Emmy meets up with Paul, a guy that rejected her on her first attempt at a one-night stand. She randomly sees him in a restaurant in Los Angeles (where the girls have met up to evaluate their one-year life change). After she originally met him in a hotel lobby in Paris. Highly unlikely. Anyway, she goes back to his brother and sister-in-law's house to help him take care of his new niece. It's implied that they're starting a relationship.
- I've come to the conclusion that the literary (using that word loosely) world would like us all to think that there are only three career options for women living in New York City:
- Editor
- Chef
- Socialite--Adriana also did brief stints as (1) art gallery director, (2) buyer for Saks, and (3) advertising person/worker. All pre-approved jobs for New Yorkers.
- The three girls met as freshmen at Cornell. From their conversations, I'm seriously thinking I aimed too low when I only applied to state schools.
- Adriana is a socialite. She's also Brazilian. I get it. I got it the first time it was mentioned. I didn't need to be reminded by having every other word out of Adriana's mouth be about how much money she has or a reference to Brazil.
- It's tiring to constantly read about how Emmy and Adriana don't understand why Leigh isn't perfectly satisfied with her fiancé and job. Sometimes that happens. They would know that if they listened to her. Like when she specifically said she didn't love him.

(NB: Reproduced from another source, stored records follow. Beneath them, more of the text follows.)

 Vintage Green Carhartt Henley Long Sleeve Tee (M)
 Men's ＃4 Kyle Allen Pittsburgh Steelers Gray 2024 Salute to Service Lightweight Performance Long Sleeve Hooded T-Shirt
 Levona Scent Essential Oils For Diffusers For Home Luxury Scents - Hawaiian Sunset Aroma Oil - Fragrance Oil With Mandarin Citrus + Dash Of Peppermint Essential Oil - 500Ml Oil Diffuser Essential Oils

- Leigh is reading Something Borrowed. There's a whole scene between her and Jesse about chick lit. The Nanny Diaries is called a "classic." I read The Nanny Diaries. "Classic" is not the word that came to my mind. Leigh's definition of "classic" book makes me think that I, too, could be a book editor. Apparently, good taste is not a job requirement.
- I do believe my sister owns all of these books. Including Chasing Harry Winston. Further evidence that one of us (her!) was fathered by the milkman.

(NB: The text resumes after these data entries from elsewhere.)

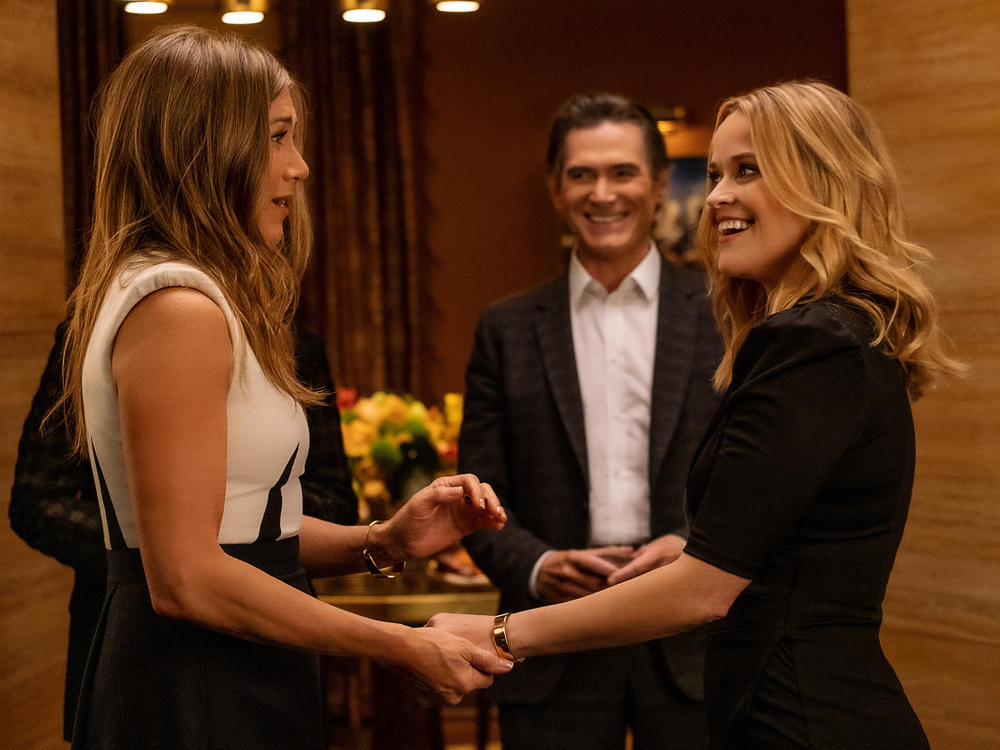 Jennifer Aniston, Billy Crudup and Reese Witherspoon in <em>The Morning Show</em>. Season 2 is premiering on Apple TV+.
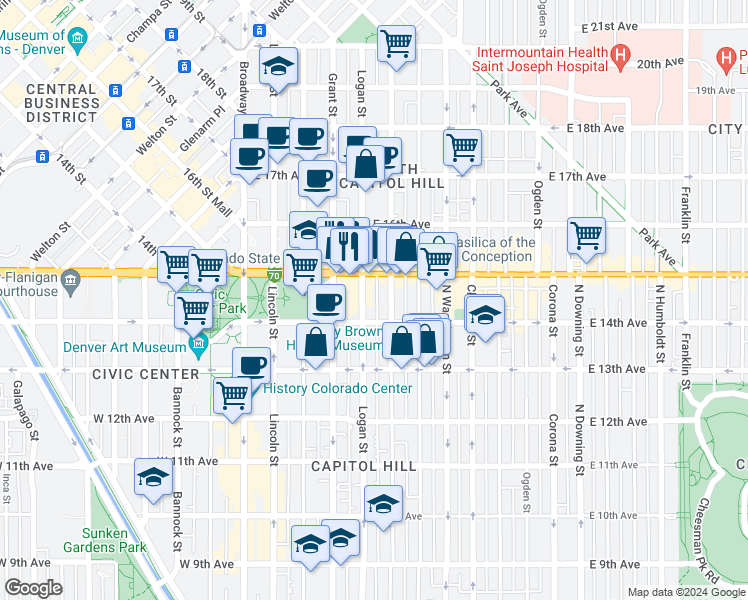 map of restaurants, bars, coffee shops, grocery stores, and more near 1420 Logan Street in Denver
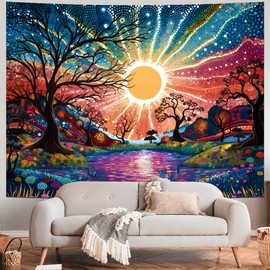Tree of Life Tapestry Trippy Sun Forest Tapestries Colorful Starry Sky Tapestries Hippie Nature Landscape Tapestry Wall Hanging for Bedroom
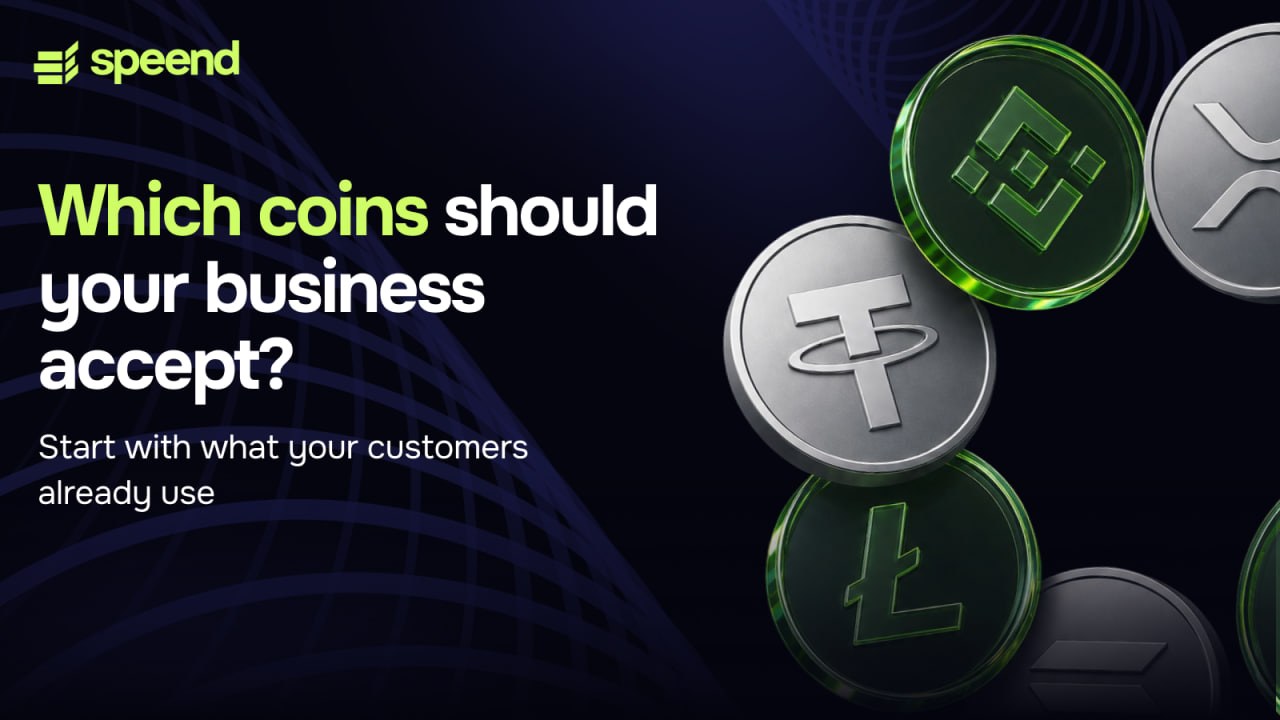 Какие монеты принимать бизнесу: USDT, BNB, XRP и Litecoin на тёмном фоне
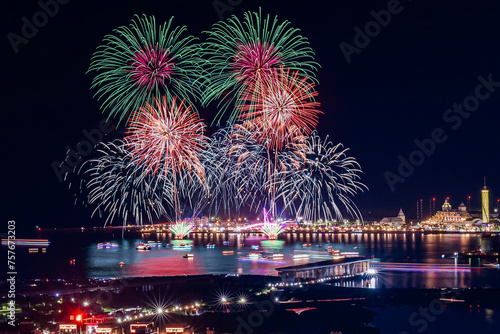 Colorful and glamorous high altitude fireworks of Chinese Valentine's Day sponsored annually by a local hotel at the estuary of Tamsui river in northern Taiwan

- Stevie Wonder could have seen the Leigh-Jesse affair coming.
- Apparently, people are calling Adriana the next Candace Bushnell. I recall another book I read where the author was compared to Candace Bushnell. I'm not impressed. With either.

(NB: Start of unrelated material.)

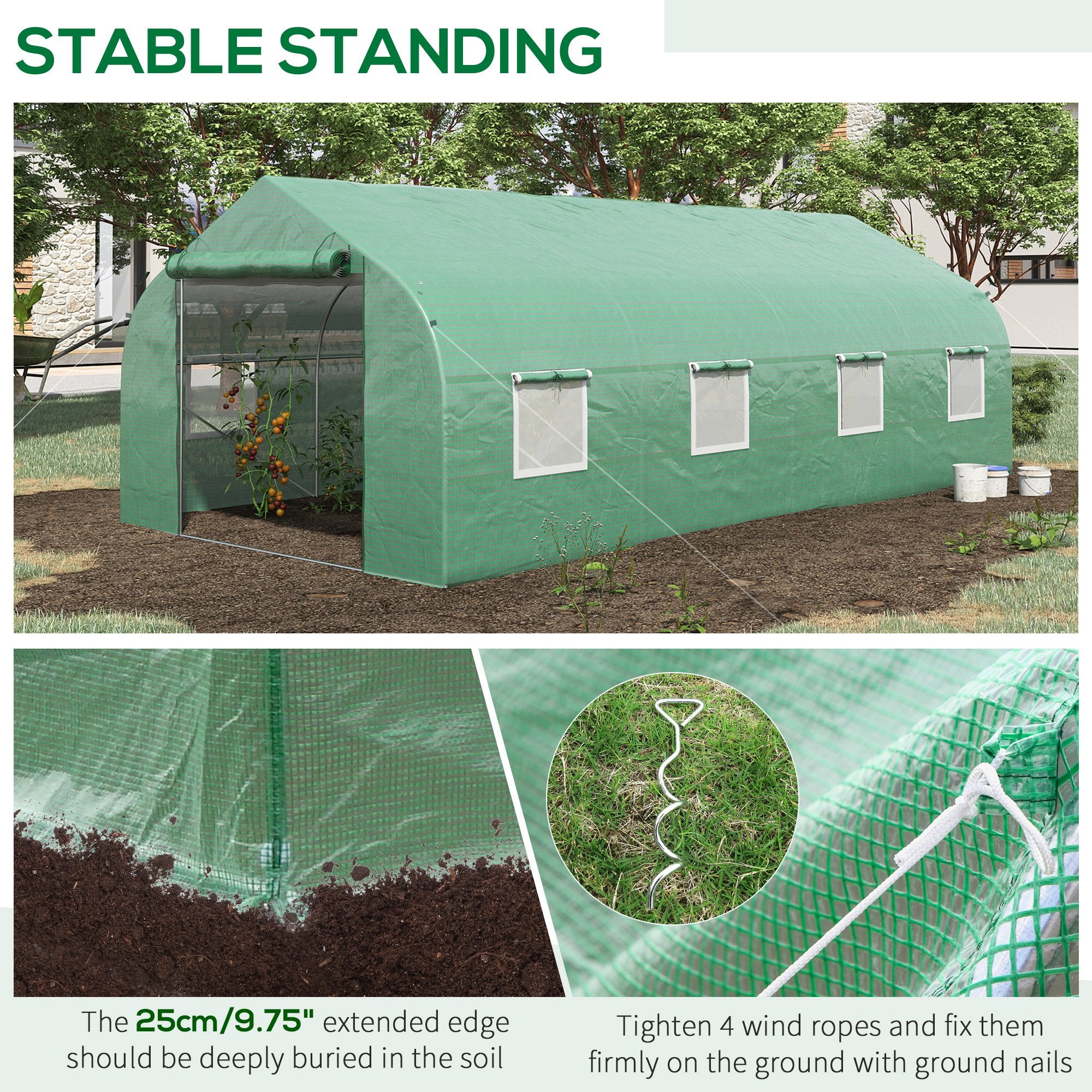 20' x 10' x 7' Walk-in Tunnel Greenhouse with Zippered Mesh Door and 8 Mesh Windows, Gardening Plant Hot House with Galvanized Steel Hoops, Green - Green - Image 5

- The references are obnoxious. Grey's Anatomy, The Hills, America's Next Top Model. Candace Bushnell. The chick lit. Facebook. Myspace. Wasn't Emmy gushing about how intelligent Paul was? And these are the things she and her friends love?
- Don't get me wrong. I'm extremely familiar with all of these things. (Except The Hills. I stand by my original decision that Laguna Beach was stupid and not worth watching. I'm sure as shit not going to follow those girls to their psuedo-jobs as adults.) The frequency that the girls are watching/reading/discussing these things is disturbing.
- With so many pop culture references, this book has no longevity. It's like me being confused when the BSC referenced The Love Boat. Uh, what?
- Emmy's ex-boyfriend's virginal girlfriend has a Myspace that she actively uses. Therefore she sucks. I'm with them on that. There is a certain age where we need to put on our big girl pants and move on to social networking sites that don't involve glittery comments.
- There's this whole thing with a parrot that Emmy's boyfriend before Duncan left with her. Adrianna takes him in and changes him from screaming "fatty" to "pretty girl." Because Otis, the parrot, had self-esteem issues.
- Further proof that I'm better suited for Cornell than Adrianna was. Otis was saying "fatty" because of self-esteem issues. He's a bird. There's a difference between speech and language. Otis does not have language, he has speech. Therefore, he doesn't understand what he's saying. He has no self-esteem issues. He's just repeating what he's heard.
- The parrot is Adrianna's "lucky charm." Funny it was such a big part of the conclusion for being such a small (and unnecessary) part of the rest of the story.
- The whole thirty-is-basically-dead thing is kind of obnoxious. I plan to be very much alive in Fall 2019.